Everything from the first line of the data through the line with "Scout Willis looks" is to be echoed exactly, minus the pictures.

----

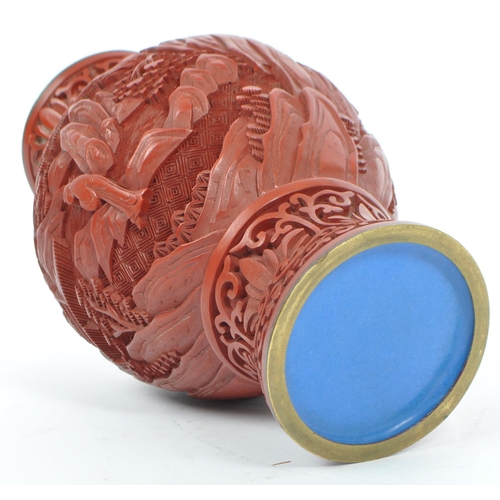 248 - A 19th century Chinese cinnabar enamelled baluster vase. The vase having bronze rim with interior of... 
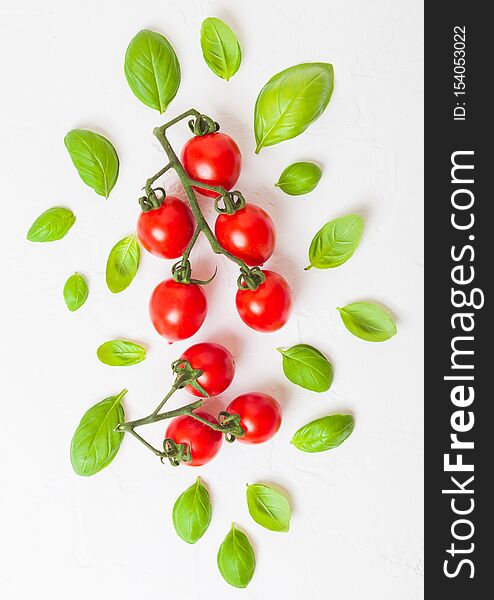 Organic Cherry Sugardrop Tomatoes on the Vine with basil and pepper on white kitchen background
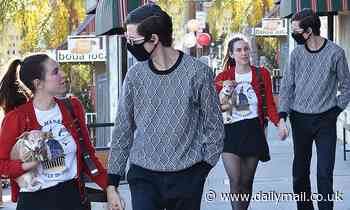 Scout Willis looks twee in a vintage red cardigan as she steps out with her beau Jake Miller in LA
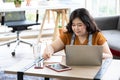 Chubby woman looking at laptop computer and writing on notebook for work or study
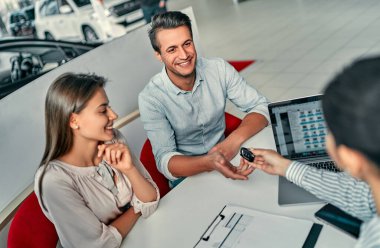 Genç çift araba alırken gülümsüyor, bir otomobil fuarının satış elemanı anahtar veriyor..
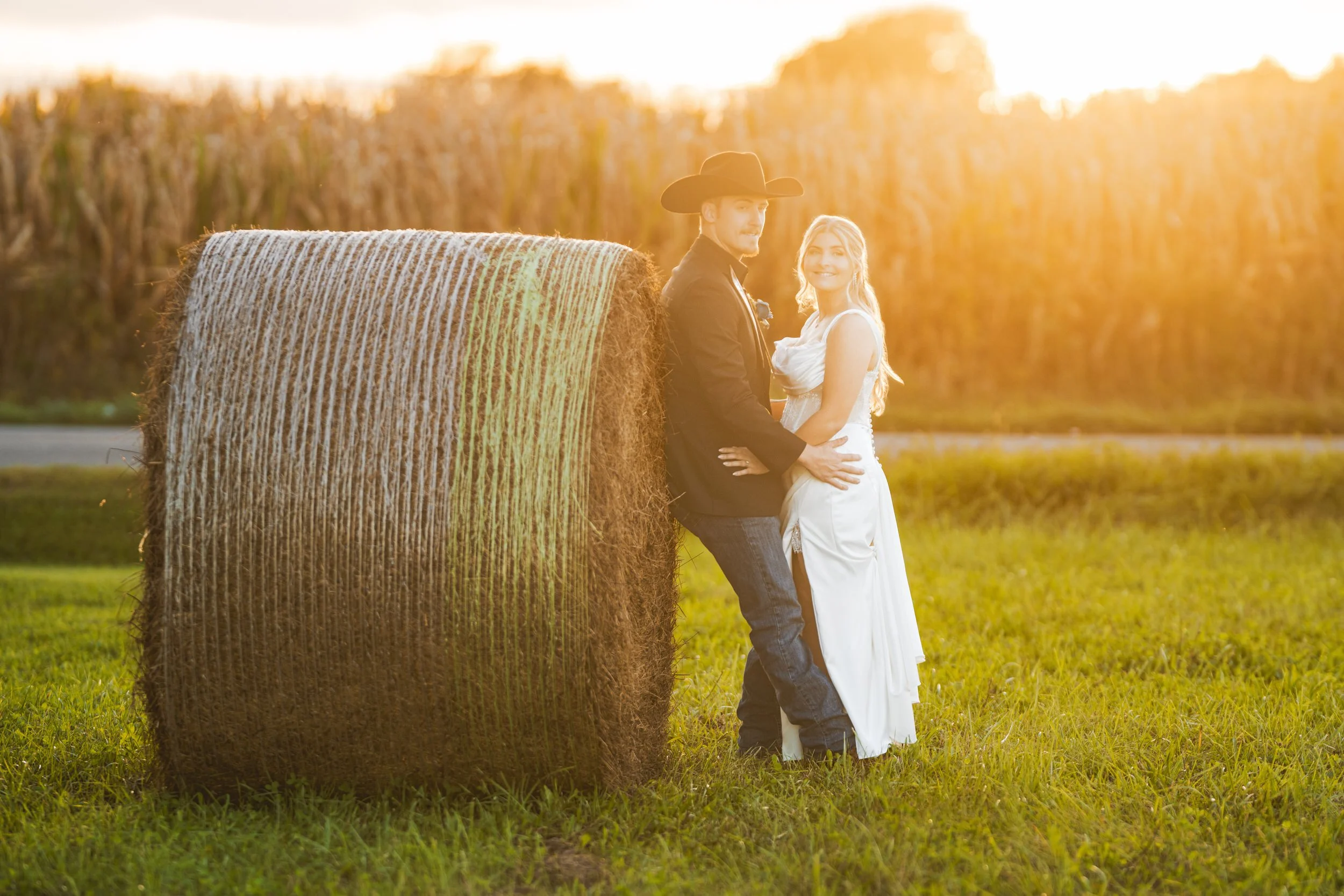 A bride and groom lean against a hay bale as the sun sets behind a cornfield.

----

Written reply:
 248 - A 19th century Chinese cinnabar enamelled baluster vase. The vase having bronze rim with interior of... 
 Organic Cherry Sugardrop Tomatoes on the Vine with basil and pepper on white kitchen background
 Scout Willis looks twee in a vintage red cardigan as she steps out with her beau Jake Miller in LA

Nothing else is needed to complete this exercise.